1 year goes by, and the fear started to creep.  I wanted to go home.  However, a J1 visa required the student to not come back to the US for 2 years after the exchange year (why? I have no idea).  In addition, the year of exchange in the US would not count toward your education back in your home country.  In another word, I would have to retake my freshman year in high school.  I refused to do that, but I missed my family.  My mother kept promising me, “you will come home…. SOON….,” and I kept that word “Soon” in my heart for the next 7 years until I decided to go home all by myself.

After the J1, you will never be able to get another J1.  It’s a once in a life time visa type.  Thus, in order for me to stay in the US, I have to change my visa status from J1 to F1 (independent international student) and have to change school ( by law, you cannot attend the same school with different visa type….why? Again, I have no idea… maybe non-citizen aliens like us might get too attached.  So the journey began to change my visa status from a J1-F1 and to look for another stranger to take me in to live with them with no conditions….. and yet, God is on my side again.

According to the immigration rules, I could not change my visa unless I left the US and either go home or go to a third party country and reapply for the visa.  Which meant, there was a big chance my visa would get rejected and I would never be able to enter the US.  So, after my mother found a friend of a friend of a friend who knew a friend who lived close to a friend in Denver to take me in as their host daughter and helped me with my visa, I finally got my visa status changed from J1-F1.

Then college time came, not many schools offer scholarships for international students, not to mention, international students never get in-state tuition benefit, so you always pay the highest cost.  I found a school with full scholarships and everything I wanted in a state where -20F is a normal thing (not Alaska, thank God), and consider this, I am from a country where 100F is a normal thing.

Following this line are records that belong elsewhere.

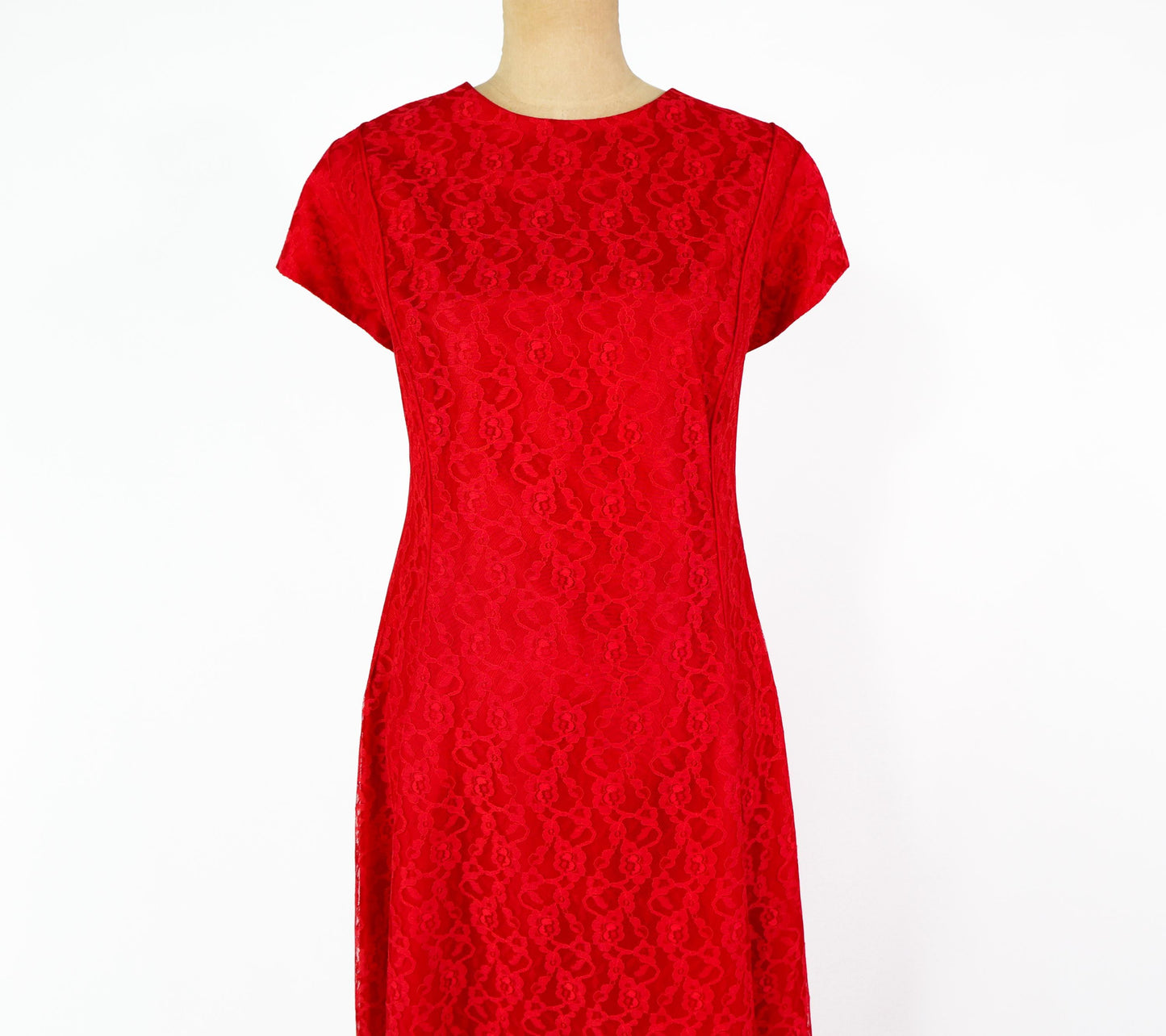 1960s Red Lace Maxi Dress, Extra Large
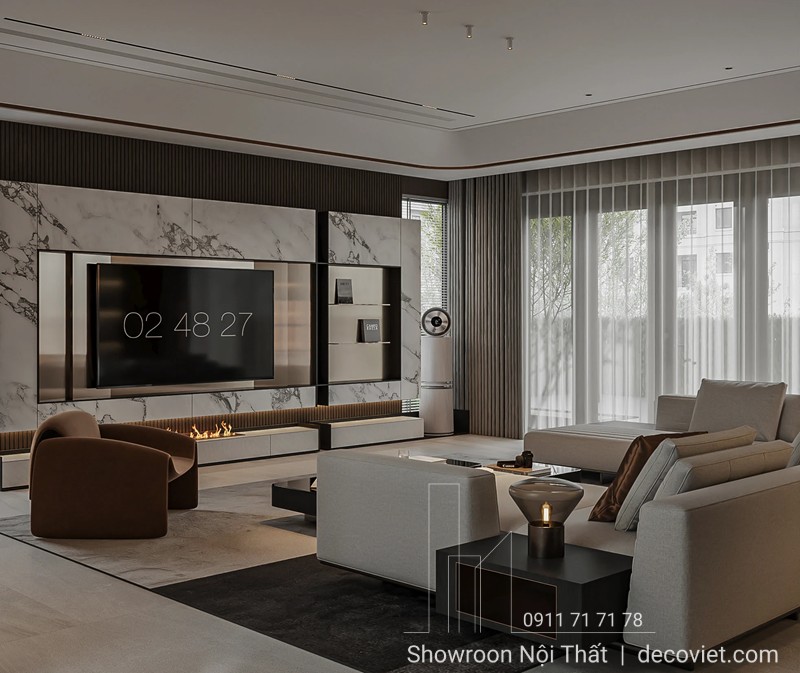 Phòng khách đẹp ấn tượng với bộ sofa cao cấp và bàn trà tinh tế.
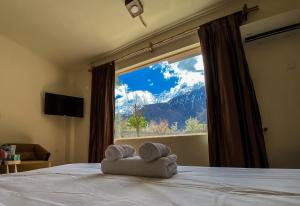 罕萨Dumani Nagar Hotel & Resort的一间卧室设有大窗户,床上配有毛巾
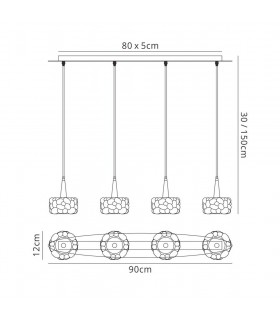 Ceiling Pendant 4 Light G9 Line, Polished Chrome - 2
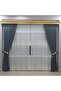Patterned Living Room Tulle Curtain Ecru Off-White Thick Living Room Bedroom Wrinkle-Free Tight Pleat - 4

When you attend a college or university as an international student, you cannot work for more than 20 hours a week, and you cannot work off campus unless it’s an approved CPT (CURRICULAR PRACTICAL TRAINING VS OPTIONAL PRACTICAL TRAINING).  You can work part time as long as you are in school with your CPT which will have to follow your curriculum in school (your major), approved by the school department, signed by your international student advisor and approved by the USCIS (US Citizenship and Immigration Services).

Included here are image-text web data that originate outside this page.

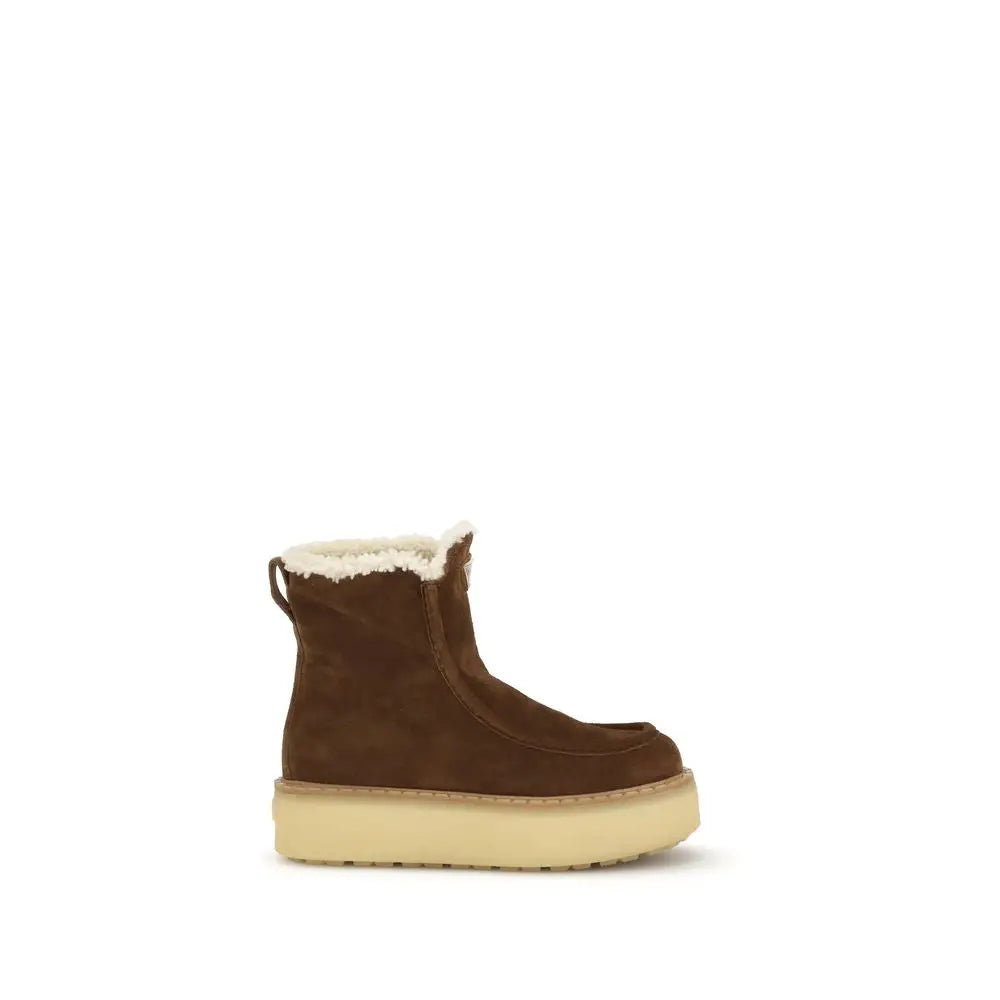 Prada Braune Kalbshaar-Stiefeletten aus Bos Taurus-Leder - EU37/US7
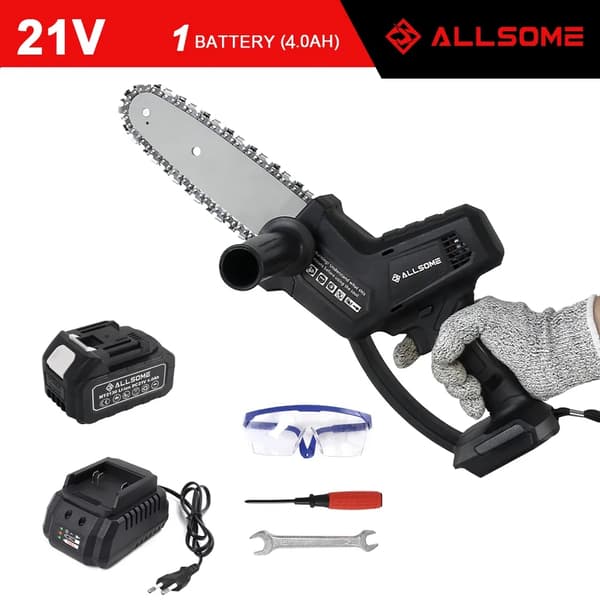 Trådløs Mini Motorsav, 21V Strøm, 4.0AH Batteri,Med et batteri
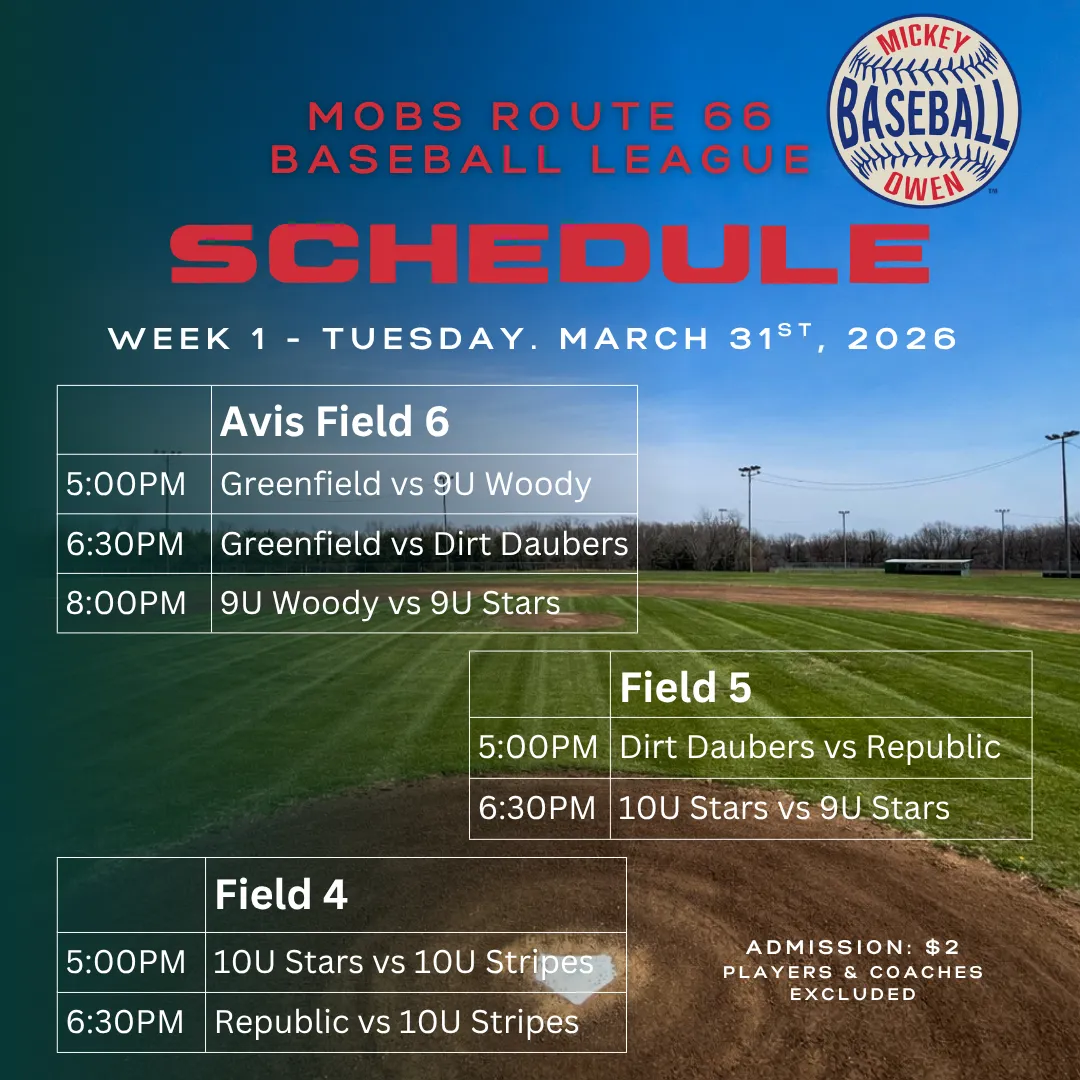 Mickey Owen Route 66 Showdown Schedule page 2.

In your years in school, you are also allowed 1 full year of full time CPT, and then after graduation, you are also allowed 1 full year of full time OPT (OPTIONAL PRACTICAL TRAINING), the time frame is longer for you if you are in the STEM program (science fields).  The purpose of this OPT is to find an employer who loves you so much that he/she will sponsor your H1B visa (I don’t even want to go over the requirement for the H1B visa approval) and eventually sponsor your green card.

This sounds great, but, consider this, one of the condition for the green card H1B visa is that the employer has to prove that there is no or very limited candidates in the US that can do the job and you can… out of all the people in the US, you are THE ONE!  I believe, this condition comes out of the fear of international students who have to study extremely hard to be top of their schools with the highest grades and the most extra curricular activities would take away American jobs. This topic calls for another long and complicated blog!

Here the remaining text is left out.